Print the listing below again. Change nothing.

::::::::

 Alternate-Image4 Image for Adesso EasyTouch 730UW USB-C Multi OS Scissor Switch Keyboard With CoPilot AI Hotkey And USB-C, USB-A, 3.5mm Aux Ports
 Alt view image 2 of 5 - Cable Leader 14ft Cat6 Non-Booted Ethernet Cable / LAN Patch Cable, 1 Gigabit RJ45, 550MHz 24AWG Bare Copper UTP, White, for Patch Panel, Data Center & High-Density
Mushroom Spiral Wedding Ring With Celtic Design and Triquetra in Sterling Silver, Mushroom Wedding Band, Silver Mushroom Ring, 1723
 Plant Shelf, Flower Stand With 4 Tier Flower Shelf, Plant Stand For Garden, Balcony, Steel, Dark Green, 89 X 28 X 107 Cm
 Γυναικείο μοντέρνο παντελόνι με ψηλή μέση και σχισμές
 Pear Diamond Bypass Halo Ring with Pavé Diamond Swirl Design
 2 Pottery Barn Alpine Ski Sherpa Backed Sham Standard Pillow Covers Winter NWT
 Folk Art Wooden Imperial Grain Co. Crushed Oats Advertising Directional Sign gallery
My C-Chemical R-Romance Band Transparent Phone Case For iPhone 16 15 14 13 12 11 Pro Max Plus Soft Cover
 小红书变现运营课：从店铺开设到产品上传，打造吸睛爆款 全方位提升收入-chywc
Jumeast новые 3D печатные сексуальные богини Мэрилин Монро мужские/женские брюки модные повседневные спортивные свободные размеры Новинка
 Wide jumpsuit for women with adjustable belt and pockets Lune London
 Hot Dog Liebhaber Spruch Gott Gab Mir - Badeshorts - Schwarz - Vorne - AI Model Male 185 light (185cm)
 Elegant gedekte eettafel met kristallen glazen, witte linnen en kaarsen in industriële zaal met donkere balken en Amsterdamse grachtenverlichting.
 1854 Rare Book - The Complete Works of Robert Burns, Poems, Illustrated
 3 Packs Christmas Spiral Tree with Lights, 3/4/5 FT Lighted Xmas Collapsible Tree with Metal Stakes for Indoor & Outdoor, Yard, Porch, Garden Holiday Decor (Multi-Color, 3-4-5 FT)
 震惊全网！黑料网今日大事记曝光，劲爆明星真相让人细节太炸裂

::::::::

:: TASK RESPONSE ::
 Alternate-Image4 Image for Adesso EasyTouch 730UW USB-C Multi OS Scissor Switch Keyboard With CoPilot AI Hotkey And USB-C, USB-A, 3.5mm Aux Ports
 Alt view image 2 of 5 - Cable Leader 14ft Cat6 Non-Booted Ethernet Cable / LAN Patch Cable, 1 Gigabit RJ45, 550MHz 24AWG Bare Copper UTP, White, for Patch Panel, Data Center & High-Density
Mushroom Spiral Wedding Ring With Celtic Design and Triquetra in Sterling Silver, Mushroom Wedding Band, Silver Mushroom Ring, 1723
 Plant Shelf, Flower Stand With 4 Tier Flower Shelf, Plant Stand For Garden, Balcony, Steel, Dark Green, 89 X 28 X 107 Cm
 Γυναικείο μοντέρνο παντελόνι με ψηλή μέση και σχισμές
 Pear Diamond Bypass Halo Ring with Pavé Diamond Swirl Design
 2 Pottery Barn Alpine Ski Sherpa Backed Sham Standard Pillow Covers Winter NWT
 Folk Art Wooden Imperial Grain Co. Crushed Oats Advertising Directional Sign gallery
My C-Chemical R-Romance Band Transparent Phone Case For iPhone 16 15 14 13 12 11 Pro Max Plus Soft Cover
 小红书变现运营课：从店铺开设到产品上传，打造吸睛爆款 全方位提升收入-chywc
Jumeast новые 3D печатные сексуальные богини Мэрилин Монро мужские/женские брюки модные повседневные спортивные свободные размеры Новинка
 Wide jumpsuit for women with adjustable belt and pockets Lune London
 Hot Dog Liebhaber Spruch Gott Gab Mir - Badeshorts - Schwarz - Vorne - AI Model Male 185 light (185cm)
 Elegant gedekte eettafel met kristallen glazen, witte linnen en kaarsen in industriële zaal met donkere balken en Amsterdamse grachtenverlichting.
 1854 Rare Book - The Complete Works of Robert Burns, Poems, Illustrated
 3 Packs Christmas Spiral Tree with Lights, 3/4/5 FT Lighted Xmas Collapsible Tree with Metal Stakes for Indoor & Outdoor, Yard, Porch, Garden Holiday Decor (Multi-Color, 3-4-5 FT)
 震惊全网！黑料网今日大事记曝光，劲爆明星真相让人细节太炸裂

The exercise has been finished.